RETURN path, length(path)
ORDER BY length(path)
Conversation Path Finding
Discover how topics connect across conversations:
// Find shortest path between two topics
MATCH path=shortestPath(
(topic1:MessageNode {content: "Python async"})-[:SYNAPSE*]-(topic2:MessageNode {content: "Error handling"})
)
RETURN path
Synapse-Based Recommendations
Use synapse networks to suggest related topics:
# Find related discussions
reservoir search --link --semantic "current topic"

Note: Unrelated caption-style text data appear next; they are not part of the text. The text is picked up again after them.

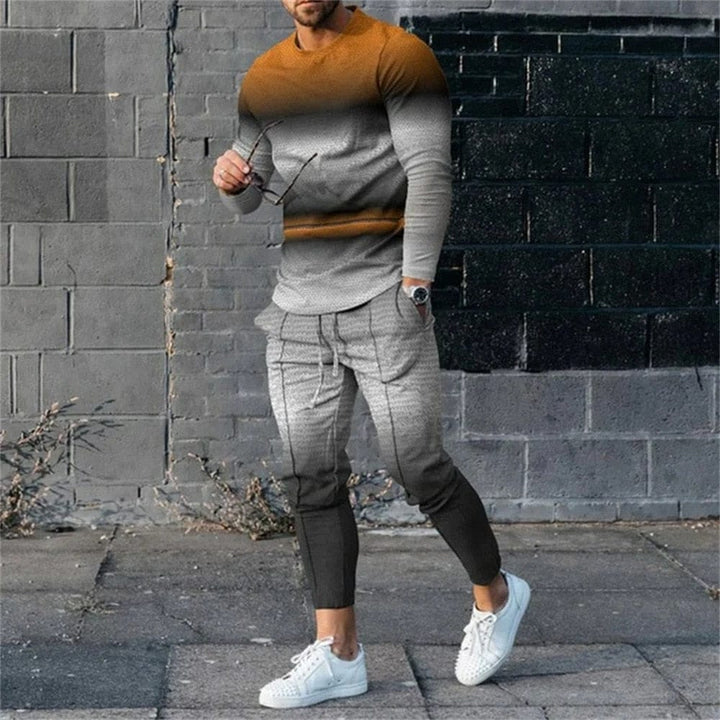 Men's Streetwear Vintage Sweatshirt Oversized Men Clothing 2 Piece Sets BENNYS 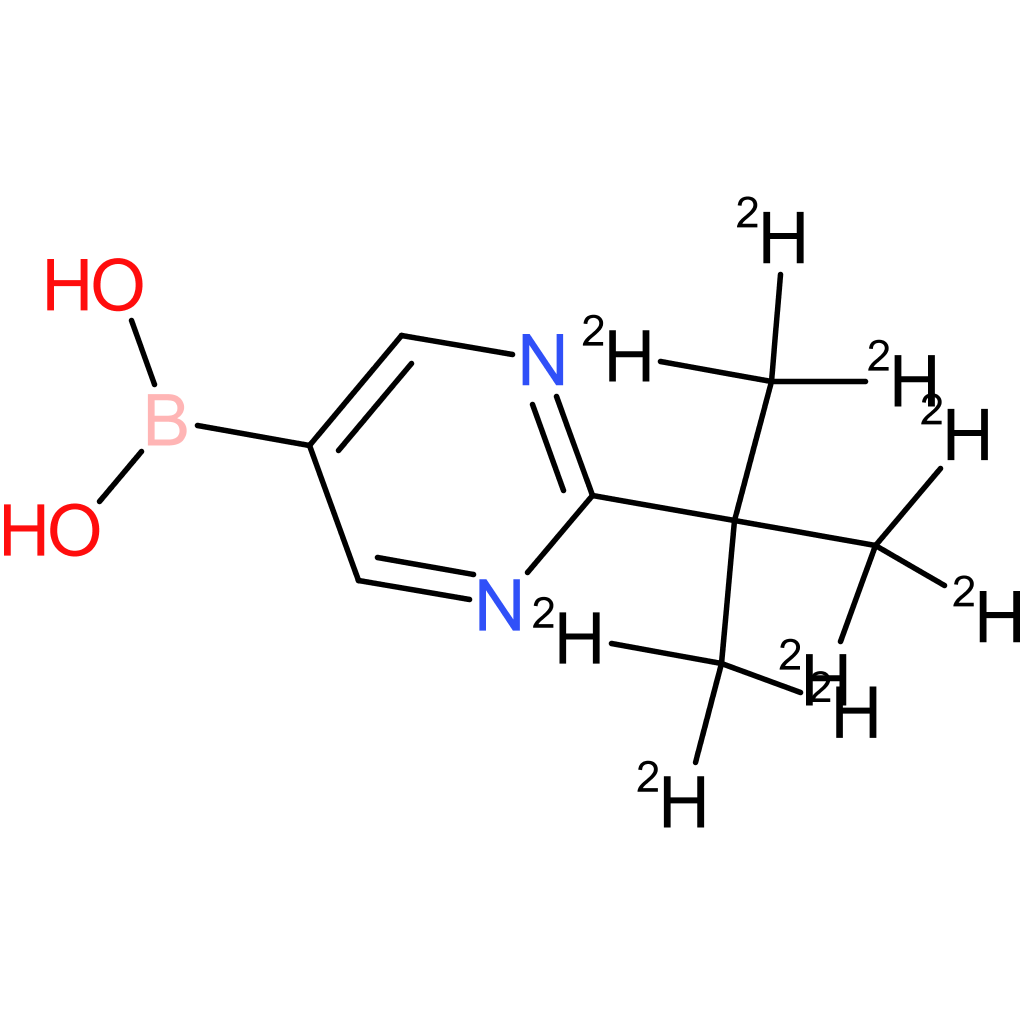2-(tert-butyl-d9)-pyrimidine-5-boronic acid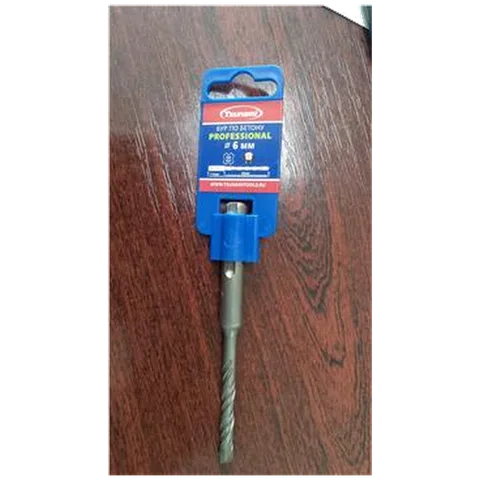 Сверло SDS+ 6х110 PROFESSIONAL TSUNAMI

# Or get synapse-connected messages directly
echo "What related topics should I explore?" | reservoir ingest
# Context will include synapse-connected discussions
Troubleshooting Synapses
Common Issues
- Too Many Synapses: Lower the similarity threshold
- Too Few Synapses: Check embedding quality and threshold
- Irrelevant Connections: Review similarity calculation method
- Performance Issues: Implement batch processing
Diagnostic Commands
# View synapse statistics
reservoir export | jq '[.[] | select(.role=="user")] | length'
# Check similarity scores distribution
# (Requires Neo4j query access)
Synapse Replay
Rebuild synapse network when needed:
# Replay embeddings and rebuild synapses
reservoir replay
# This will:
# 1. Recalculate embeddings for all messages
# 2. Rebuild synapse relationships
# 3. Update similarity scores
# 4. Prune weak connections
Future Enhancements
Planned Features
- Weighted Synapses: Consider recency and conversation importance
- Topic-Aware Synapses: Enhanced similarity based on topic detection
- Hierarchical Synapses: Multi-level relationship strengths
- Synapse Analytics: Dashboard for network visualization
Customization Options
- Custom Similarity Functions: Beyond cosine similarity
- Domain-Specific Models: Specialized embeddings for specific fields
- User-Defined Thresholds: Per-partition similarity thresholds
- Manual Synapse Management: User-controlled connection creation
Synapses transform Reservoir from a simple conversation store into an intelligent knowledge network that grows more valuable with each interaction, creating a personalized LLM assistant with genuine conversational memory.